In Whistler Investments, Inc. v. The Depository Trust and Clearing Corporation, Case No. 06-16088 (9th Cir. Aug. 22, 2008), the court rejected damage claims against three clearing agencies based on their policies related to short sales. The suit claimed that Whistler’s stock had been artificially depressed as a result of those policies. The court rejected the claims as preempted as discussed here.
The D.C. Circuit upheld a grant of summary judgment in favor of the Public Company Accounting Oversight Board, created under the Sarbanes Oxley Act (discussed here). The district court granted summary judgment in favor of the Board, rejecting a constitutional challenge to the board based on the constitutional appointment power of the president and separation of powers discussed here. Free Enterprise Fund and Beckstead and Watts, LLP v. Public Company Accounting Oversight Board, No. 07-527 (D.C. Cir. Aug. 22, 2008).

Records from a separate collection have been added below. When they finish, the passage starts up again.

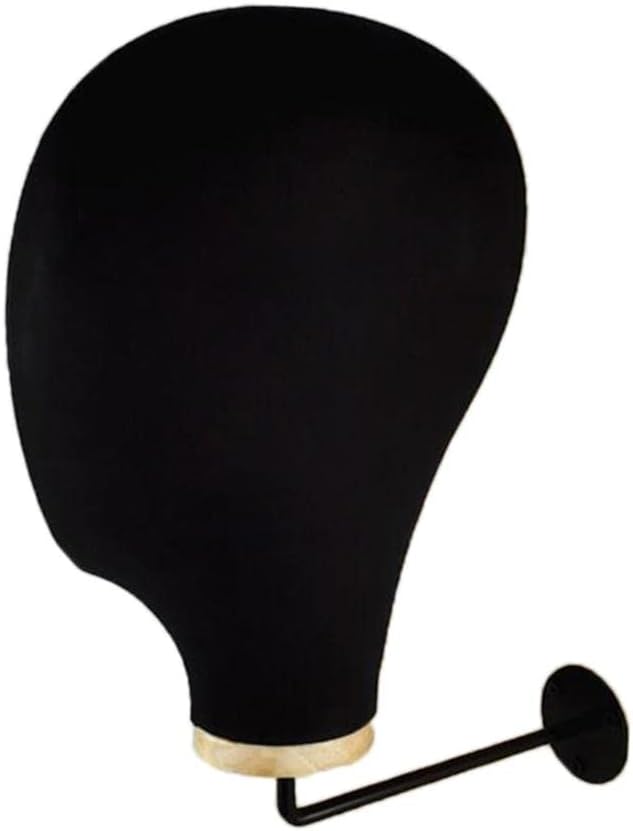 Fenteer Mannequin Head Wig Holder Hat Display Cowboy Hat Rack Wall Mounted, Black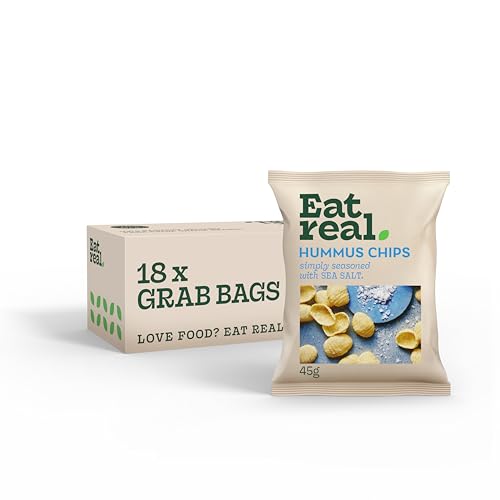 Image of Eat Real, Hummus Chips, Sea Salt, 18 X 45g, Gluten-Free Crisps Multipack, Vegan-Friendly, Healthy Snacks, Plant-Based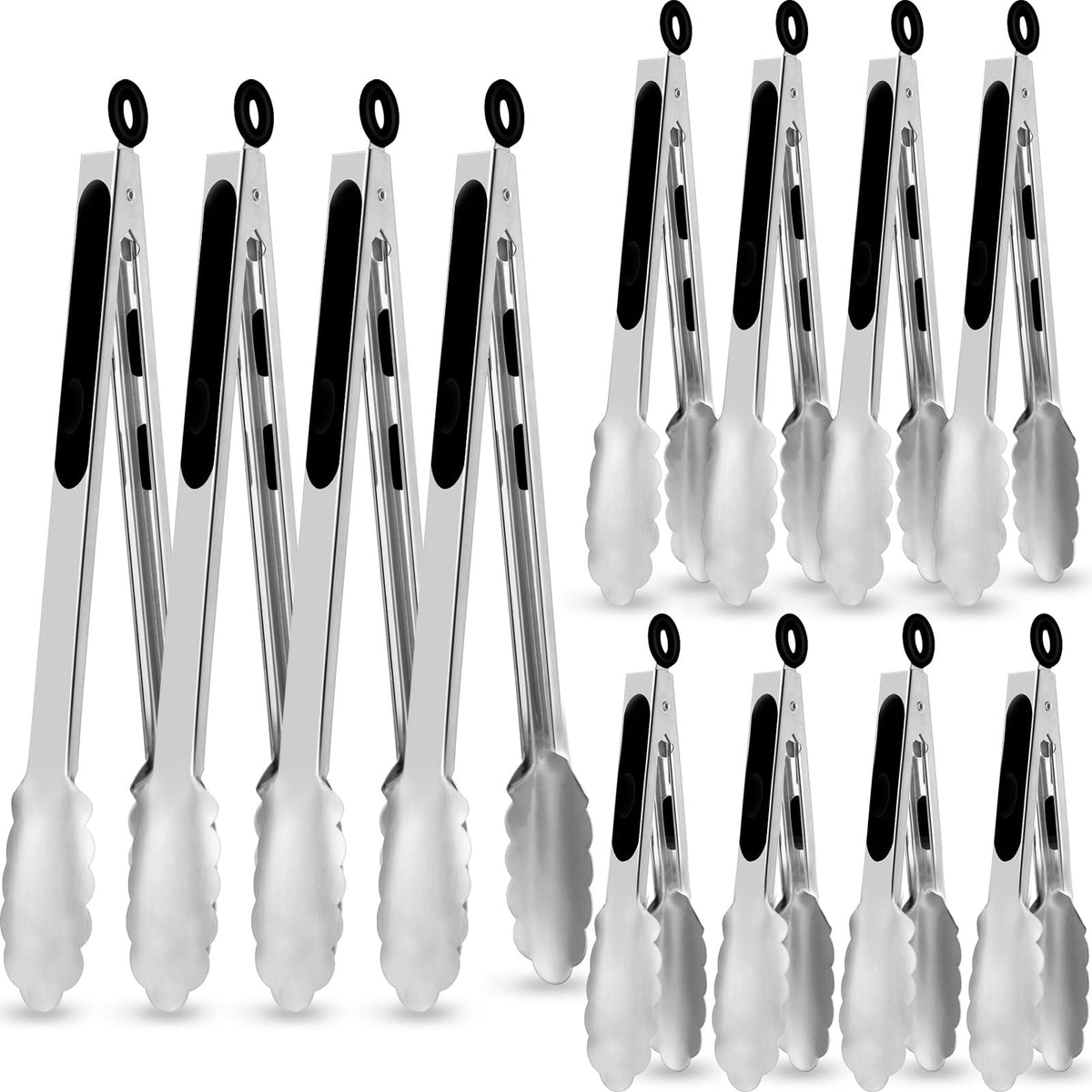 Chengu 7-inch stainless steel tongs for precise flipping and serving.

The multi-state ARS Task Force and New York Attorney General Andrew Cuomo announced three new settlements in the auction rate securities market probes this week. The agreements are with Merrill Lynch, Goldman Sachs and Deutsche Bank. The terms of the three settlements, discussed here, are similar to those of earlier settlements. Essentially, they focus on the repayment of retail investors in the near term while creating liquidity over the longer term for institutional investors and the payment of civil penalties to the states. The SEC also announced a tentative settlement with Merrill.
The SEC concluded its long running financial fraud action involving the Fleming Companies with settlements against three former company executives this week. SEC v. Shapiro, Civil Action No. 4:05-CV-0364 (E.D. Tex. Filed Sept. 15, 2005); See also Release No. 18884 (Sept. 14, 2004) (listing other actions). The initial complaint claimed that the company, its executives and certain vendors engaged in a scheme which improperly accounted for a number of transactions to sustain an illusion of growth and meet Wall Street expectations as discussed here. The three settling executives consented to the entry of permanent injunctions and the payment of civil penalties.
Mutual assistance agreement
The SEC announced another mutual recognition agreement this week. The agreement is with the Australian Minister for Superannuation and Corporate Law and the Australian Securities and Investments Commission. A key facet of the arrangement is an Enhanced Enforcement Memorandum of Understanding and a new Supervisory MOU to aid enforcement as discussed here.